Gradient orientation quantization

Each gradient orientation is quantized into maximum 8 directions in order display each orientation as a bit flag. The representation can be easily manipulated. The code below shows that quantization procedure uses pre-calculated lookup table for angle quantization.

int* orientDegImgPtr = ... //orientation image pointer
int imgWidth, imgHeight = ... //image width and height
byte[] AngleQuantizationTable = ... //maps [0-360] -> [...] -> [0-7]
for (int j = 0; j < imgHeight; j++)
{
    for (int i = 0; i < imgWidth; i++)
    {
        int angle = orientDegImgPtr[i];
        qOrinetUnfilteredPtr[i] = AngleQuantizationTable[angle]; 
    }
    
    ...
}

Gradient orientation spreading

Image objects can be deformed due to physical characteristics or due to noise which results in non-perfect edge alignment between object and corresponding template.
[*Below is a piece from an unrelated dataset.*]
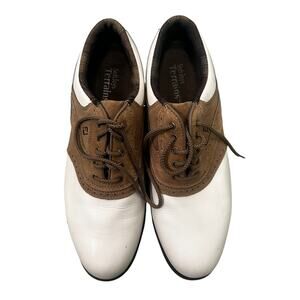 Footjoy Soft‎ Joys Terrains Golf Shoes Womens 9M White Brown Leather Golfcore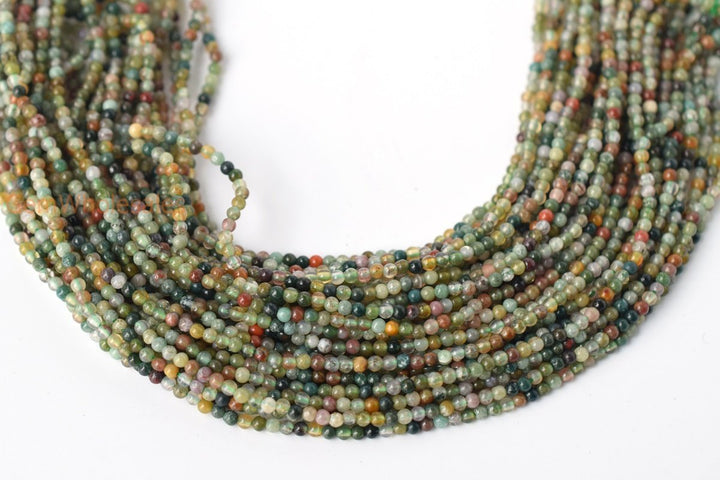 15.5" natural 2mm green Indian agate Round beads Gemstone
In order to increase robustness orientations are spread on the local neighborhood. Since each orientation can be written as single bit, the spread orientation is simply bitwise OR between some pixel and its neighbor pixels as shown below.

byte* srcImgPtr = ... //input quantized orientation image
byte* destImgPtr = ... //output spread quantized orientattion image
int neighborhood = ... //spread factor
for (int row = 0; row < neghborhood; row++)
{
    int subImageHeight = imgHeight - row;
    for (int col = 0; col < neghborhood; col++)
    {
       //get shifted image and 
       //do the bitwise OR operation for each pixel
        OrImageBits(&srcImgPtr[col], destImgPtr,
                    imgStride,
                    imgWidth - col, subImageHeight);
    }
    ...
}

Building response maps and linear memories

The template is matched against every location within the image using the operation equivalent to sliding a template over the input image. In contrast to the standard template matching procedure, the input image is preprocessed so that the matching procedure can be executed very fast by adding long arrays - linear memories. See [1] for details. Each linear memory cell contains similarity in range [0..n] where n is maximum user-specified similarity between two quantized orientations. These values are limited by the number of bits in 8-bit value. The linear memory addition can be done very efficiently by using SIMD processor architecture which enables real-time template matching.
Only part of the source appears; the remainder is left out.